1989 hatte sich der Konsolen-Spielemarkt mehr als nur erholt. Nintendo erzielte in dem Jahr einen Jahresumsatz vom 2 Milliarden US Dollar. Insgesamt betrug der Jahresumsatz von Konsolenspielen 1989 3,4 Milliarden US Dollar. Der Disketten-Markt hingegen nur 250 Millionen Dollar. Wodurch auch Trip den Markt nicht länger als Nebeneinnahmequelle betrachten konnte. Er war jedoch ebenso wenig gewillt, Nintendos hohe Lizenzgebühren zu zahlen. Hinzu kamen die deutlich höheren Produktionskosten für die ROM Module, welche jedes Spiel zu einem höheren Risiko, als das gewöhnliche Computerspiel, machten. Trotz ihrer Innovationen, war Nintendo sehr engstirnig und da sie quasi das Monopol des Konsolenmarktes inne hatten, weigerten sie sich von ihren Prinzipien abzuweichen. Ein Umstand, der u.a. dazu führte, dass Atari Nintendo im Dezember 1988, wegen monopolistischer Geschäftspraktiken und dem Ausschließen von Entwicklern aus ihrem NES, verklagte.
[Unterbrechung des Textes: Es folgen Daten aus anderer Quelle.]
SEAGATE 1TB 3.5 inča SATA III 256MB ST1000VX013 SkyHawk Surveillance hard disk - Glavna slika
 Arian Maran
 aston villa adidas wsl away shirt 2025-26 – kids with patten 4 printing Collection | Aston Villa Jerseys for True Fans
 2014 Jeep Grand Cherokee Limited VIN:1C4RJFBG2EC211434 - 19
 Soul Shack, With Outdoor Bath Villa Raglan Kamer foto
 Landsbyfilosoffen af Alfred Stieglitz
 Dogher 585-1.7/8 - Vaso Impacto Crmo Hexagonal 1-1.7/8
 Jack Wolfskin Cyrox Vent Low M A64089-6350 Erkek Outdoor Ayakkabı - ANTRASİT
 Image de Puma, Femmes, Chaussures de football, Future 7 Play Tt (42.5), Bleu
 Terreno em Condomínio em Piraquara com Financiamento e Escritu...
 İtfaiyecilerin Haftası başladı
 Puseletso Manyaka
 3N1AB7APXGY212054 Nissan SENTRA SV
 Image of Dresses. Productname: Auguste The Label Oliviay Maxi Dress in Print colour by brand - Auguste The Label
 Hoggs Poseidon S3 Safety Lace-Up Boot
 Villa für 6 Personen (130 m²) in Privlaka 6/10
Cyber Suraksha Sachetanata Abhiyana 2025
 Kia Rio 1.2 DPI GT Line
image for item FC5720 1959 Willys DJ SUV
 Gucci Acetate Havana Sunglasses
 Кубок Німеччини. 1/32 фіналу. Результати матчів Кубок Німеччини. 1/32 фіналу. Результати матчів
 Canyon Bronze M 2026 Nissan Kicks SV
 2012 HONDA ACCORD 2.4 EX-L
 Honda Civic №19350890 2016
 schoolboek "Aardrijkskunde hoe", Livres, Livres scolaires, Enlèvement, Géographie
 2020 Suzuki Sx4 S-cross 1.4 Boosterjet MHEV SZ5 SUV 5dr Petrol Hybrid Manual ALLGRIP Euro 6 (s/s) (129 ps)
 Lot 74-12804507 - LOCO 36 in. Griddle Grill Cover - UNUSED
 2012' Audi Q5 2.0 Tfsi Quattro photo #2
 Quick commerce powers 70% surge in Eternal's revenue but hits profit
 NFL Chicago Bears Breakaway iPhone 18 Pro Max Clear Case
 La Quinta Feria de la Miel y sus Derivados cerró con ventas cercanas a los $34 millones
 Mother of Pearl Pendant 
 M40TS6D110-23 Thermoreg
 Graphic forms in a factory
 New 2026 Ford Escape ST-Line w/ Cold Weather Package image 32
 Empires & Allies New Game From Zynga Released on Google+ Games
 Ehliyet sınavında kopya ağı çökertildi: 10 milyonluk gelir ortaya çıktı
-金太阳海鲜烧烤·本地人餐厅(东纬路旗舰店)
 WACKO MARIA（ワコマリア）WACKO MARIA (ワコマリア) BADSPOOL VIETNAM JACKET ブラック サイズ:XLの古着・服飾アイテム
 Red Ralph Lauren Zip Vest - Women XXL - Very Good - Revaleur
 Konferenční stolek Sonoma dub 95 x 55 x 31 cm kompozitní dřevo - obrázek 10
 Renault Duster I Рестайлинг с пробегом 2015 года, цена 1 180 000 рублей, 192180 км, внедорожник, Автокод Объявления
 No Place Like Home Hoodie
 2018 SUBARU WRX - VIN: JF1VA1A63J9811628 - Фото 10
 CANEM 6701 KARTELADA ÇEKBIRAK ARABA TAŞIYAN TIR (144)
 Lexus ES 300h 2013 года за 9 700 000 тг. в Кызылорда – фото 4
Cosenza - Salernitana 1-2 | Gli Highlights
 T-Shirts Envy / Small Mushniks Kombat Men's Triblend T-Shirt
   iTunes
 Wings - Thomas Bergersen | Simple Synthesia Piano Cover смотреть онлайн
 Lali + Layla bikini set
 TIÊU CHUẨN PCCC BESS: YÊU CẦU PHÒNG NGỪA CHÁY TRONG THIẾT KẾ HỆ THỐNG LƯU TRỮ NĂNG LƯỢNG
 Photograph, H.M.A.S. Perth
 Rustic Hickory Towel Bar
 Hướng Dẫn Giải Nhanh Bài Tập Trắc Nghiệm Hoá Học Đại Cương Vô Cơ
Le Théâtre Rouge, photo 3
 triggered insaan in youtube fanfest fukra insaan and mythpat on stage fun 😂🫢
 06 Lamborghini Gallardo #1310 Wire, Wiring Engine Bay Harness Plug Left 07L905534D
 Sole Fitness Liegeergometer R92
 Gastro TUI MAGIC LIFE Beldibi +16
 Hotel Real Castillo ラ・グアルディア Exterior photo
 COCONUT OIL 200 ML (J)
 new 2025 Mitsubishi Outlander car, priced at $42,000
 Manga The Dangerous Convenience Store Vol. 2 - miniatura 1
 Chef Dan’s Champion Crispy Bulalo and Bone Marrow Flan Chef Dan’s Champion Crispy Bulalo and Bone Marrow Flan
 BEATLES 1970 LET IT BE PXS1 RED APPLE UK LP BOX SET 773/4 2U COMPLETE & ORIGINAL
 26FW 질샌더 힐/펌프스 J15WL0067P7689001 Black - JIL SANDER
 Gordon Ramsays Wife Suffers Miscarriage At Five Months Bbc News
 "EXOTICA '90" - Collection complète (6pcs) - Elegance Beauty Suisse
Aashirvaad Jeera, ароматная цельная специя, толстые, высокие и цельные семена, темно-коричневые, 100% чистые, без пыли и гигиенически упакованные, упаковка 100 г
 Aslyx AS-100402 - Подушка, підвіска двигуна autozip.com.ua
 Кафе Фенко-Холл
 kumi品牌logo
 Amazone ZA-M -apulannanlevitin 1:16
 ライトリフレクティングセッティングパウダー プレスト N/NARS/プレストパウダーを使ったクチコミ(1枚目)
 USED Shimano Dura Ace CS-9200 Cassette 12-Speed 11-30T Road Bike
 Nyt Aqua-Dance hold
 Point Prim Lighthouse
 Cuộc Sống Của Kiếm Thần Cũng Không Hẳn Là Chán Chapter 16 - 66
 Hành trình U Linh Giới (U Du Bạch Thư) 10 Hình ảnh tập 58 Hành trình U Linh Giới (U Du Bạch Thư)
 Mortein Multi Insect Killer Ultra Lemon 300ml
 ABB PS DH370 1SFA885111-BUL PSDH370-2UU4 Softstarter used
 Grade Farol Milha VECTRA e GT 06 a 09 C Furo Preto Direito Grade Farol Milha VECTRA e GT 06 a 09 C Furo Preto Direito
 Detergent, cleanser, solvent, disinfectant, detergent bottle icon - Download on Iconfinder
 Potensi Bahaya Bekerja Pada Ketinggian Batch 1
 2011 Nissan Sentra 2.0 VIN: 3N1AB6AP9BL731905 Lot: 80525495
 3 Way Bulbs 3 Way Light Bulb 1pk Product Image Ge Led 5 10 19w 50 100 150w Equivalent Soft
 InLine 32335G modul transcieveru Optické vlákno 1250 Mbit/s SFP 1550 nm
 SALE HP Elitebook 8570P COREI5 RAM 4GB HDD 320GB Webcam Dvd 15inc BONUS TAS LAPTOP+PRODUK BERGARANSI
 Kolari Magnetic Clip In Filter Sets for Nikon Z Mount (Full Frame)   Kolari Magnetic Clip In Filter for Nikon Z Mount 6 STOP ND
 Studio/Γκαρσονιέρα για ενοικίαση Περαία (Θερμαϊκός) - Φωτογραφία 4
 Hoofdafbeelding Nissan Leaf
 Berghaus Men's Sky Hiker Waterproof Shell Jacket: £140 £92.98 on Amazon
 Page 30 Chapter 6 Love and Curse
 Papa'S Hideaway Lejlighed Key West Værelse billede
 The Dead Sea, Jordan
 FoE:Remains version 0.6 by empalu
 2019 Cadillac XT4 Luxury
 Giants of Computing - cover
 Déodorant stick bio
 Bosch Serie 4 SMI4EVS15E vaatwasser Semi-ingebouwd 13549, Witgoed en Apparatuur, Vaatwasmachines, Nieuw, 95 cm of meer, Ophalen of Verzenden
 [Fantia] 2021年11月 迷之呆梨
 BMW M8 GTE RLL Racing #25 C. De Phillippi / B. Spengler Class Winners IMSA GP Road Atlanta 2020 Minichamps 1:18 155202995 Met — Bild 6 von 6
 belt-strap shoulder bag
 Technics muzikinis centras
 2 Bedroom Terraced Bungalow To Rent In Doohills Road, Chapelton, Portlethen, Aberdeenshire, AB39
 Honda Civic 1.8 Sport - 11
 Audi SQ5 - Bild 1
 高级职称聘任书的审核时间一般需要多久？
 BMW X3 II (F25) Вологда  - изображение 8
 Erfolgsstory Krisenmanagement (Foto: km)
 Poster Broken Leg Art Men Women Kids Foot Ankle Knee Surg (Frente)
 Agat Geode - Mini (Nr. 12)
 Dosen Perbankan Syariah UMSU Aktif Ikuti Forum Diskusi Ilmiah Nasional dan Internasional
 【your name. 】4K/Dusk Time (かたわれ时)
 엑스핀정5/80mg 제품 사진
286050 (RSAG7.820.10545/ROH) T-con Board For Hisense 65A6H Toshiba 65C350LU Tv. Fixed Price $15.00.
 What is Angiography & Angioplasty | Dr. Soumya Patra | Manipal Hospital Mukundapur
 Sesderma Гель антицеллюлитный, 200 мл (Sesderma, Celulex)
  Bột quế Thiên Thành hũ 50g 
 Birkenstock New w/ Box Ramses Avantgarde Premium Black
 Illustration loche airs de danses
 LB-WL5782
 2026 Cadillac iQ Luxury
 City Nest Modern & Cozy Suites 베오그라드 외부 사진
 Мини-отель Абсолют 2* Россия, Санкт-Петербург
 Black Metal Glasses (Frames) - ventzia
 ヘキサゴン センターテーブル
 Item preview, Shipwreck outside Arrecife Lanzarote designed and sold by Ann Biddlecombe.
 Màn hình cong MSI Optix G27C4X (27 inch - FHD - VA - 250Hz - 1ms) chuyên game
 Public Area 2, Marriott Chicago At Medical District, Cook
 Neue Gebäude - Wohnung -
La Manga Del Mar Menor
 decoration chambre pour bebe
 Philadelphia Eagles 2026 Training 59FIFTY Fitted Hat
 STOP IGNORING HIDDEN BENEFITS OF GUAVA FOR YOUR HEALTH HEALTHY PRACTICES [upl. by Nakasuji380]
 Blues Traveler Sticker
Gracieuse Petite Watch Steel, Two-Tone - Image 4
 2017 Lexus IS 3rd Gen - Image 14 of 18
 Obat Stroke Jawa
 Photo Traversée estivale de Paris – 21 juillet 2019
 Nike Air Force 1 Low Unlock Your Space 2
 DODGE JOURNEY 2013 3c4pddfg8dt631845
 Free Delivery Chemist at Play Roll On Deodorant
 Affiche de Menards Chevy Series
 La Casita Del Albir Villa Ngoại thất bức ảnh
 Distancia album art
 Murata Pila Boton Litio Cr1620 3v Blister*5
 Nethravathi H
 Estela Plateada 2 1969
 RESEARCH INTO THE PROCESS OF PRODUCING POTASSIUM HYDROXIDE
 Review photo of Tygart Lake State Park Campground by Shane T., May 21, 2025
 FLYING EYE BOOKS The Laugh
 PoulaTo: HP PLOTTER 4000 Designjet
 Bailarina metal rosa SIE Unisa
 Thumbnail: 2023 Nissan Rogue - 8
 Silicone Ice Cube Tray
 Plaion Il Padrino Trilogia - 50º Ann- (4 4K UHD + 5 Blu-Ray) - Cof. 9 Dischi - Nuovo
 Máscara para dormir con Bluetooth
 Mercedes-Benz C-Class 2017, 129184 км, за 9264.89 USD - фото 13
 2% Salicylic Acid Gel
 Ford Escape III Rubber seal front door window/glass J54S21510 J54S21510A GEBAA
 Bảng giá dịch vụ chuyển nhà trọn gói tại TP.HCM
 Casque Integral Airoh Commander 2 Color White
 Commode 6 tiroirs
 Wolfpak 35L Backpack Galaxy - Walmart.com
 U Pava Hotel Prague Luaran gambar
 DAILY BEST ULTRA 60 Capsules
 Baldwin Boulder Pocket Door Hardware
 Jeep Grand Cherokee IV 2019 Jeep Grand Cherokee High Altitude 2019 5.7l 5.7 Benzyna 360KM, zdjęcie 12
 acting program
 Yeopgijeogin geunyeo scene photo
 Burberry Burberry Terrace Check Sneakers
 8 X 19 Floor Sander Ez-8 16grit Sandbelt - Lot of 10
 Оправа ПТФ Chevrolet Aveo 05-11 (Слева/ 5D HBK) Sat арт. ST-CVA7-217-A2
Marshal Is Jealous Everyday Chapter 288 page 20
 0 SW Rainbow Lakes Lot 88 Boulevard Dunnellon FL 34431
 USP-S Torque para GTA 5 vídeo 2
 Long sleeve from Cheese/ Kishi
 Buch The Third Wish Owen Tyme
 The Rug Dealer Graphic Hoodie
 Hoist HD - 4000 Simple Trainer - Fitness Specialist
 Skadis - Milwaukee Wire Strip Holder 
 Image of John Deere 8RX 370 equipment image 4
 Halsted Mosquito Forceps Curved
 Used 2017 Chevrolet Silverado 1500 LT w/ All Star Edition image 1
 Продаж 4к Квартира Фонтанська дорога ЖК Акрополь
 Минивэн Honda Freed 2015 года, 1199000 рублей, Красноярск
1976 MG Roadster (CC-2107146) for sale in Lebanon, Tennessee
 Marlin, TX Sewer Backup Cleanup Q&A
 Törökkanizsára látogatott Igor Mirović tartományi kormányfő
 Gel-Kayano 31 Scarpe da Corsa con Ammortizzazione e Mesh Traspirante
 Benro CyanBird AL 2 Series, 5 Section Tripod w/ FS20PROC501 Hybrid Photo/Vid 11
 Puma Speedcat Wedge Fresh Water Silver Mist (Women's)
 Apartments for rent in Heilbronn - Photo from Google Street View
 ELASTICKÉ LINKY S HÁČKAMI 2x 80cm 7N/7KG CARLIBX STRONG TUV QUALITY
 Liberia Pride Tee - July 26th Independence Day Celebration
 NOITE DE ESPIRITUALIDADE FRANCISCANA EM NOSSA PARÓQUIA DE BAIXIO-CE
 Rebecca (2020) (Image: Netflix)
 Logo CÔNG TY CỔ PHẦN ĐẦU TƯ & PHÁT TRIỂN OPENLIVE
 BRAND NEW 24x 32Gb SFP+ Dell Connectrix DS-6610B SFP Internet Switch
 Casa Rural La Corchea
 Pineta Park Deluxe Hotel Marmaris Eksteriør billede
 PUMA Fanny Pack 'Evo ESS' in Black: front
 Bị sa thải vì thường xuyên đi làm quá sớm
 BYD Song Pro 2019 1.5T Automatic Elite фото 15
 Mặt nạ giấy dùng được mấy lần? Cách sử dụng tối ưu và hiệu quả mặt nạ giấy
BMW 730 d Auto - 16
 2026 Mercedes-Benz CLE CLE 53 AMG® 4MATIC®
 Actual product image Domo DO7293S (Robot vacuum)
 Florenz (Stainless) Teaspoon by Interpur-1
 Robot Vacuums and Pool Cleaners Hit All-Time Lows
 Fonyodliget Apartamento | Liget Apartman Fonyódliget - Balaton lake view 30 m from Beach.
Sega hatte mit ihrem 8-Bit Master System damals lediglich Nintendo kopiert und mit der Konsole eine Niederlage hinnehmen müssen. Aber während sich Nintendo noch auf den Lorbeeren ihres 8-Bit NES ausruhte, brachte Sega 1989 ihre 16-Bit Konsole, das Mega Drive, heraus. Und Sega war etwas einsichtiger, was ihre Lizenzgebühren anging. Also verhandelte Trip mit Segas Führung über bessere Konditionen. Er drohte Sega damit, schlichtweg Mega Drive Module zu produzieren, ohne Sega überhaupt Lizenzgebühren zu zahlen. Dadurch und weil EA bereits ein beeindruckendes Spiele-Portfolio besaß, das sie nur noch fürs Mega Drive umsetzen mussten, lenkte Sega letztlich ein. Für Electronic Arts Entwickler war die Mega Drive Hardware außerdem die ideale Weiterentwicklung ihrer bisherigen Laufbahn. Denn im Gegensatz zu Nintendos Konsolen, basierte es genauso wie der Mac, Amiga und Atari ST auf Motorolas 68.000 Prozessor. Womit sie sich auf bekanntem Terrain befanden und wodurch EA tatsächlich ohne Segas Zutun bereits dank Reverse-Engineering ein Development-Kit besaß.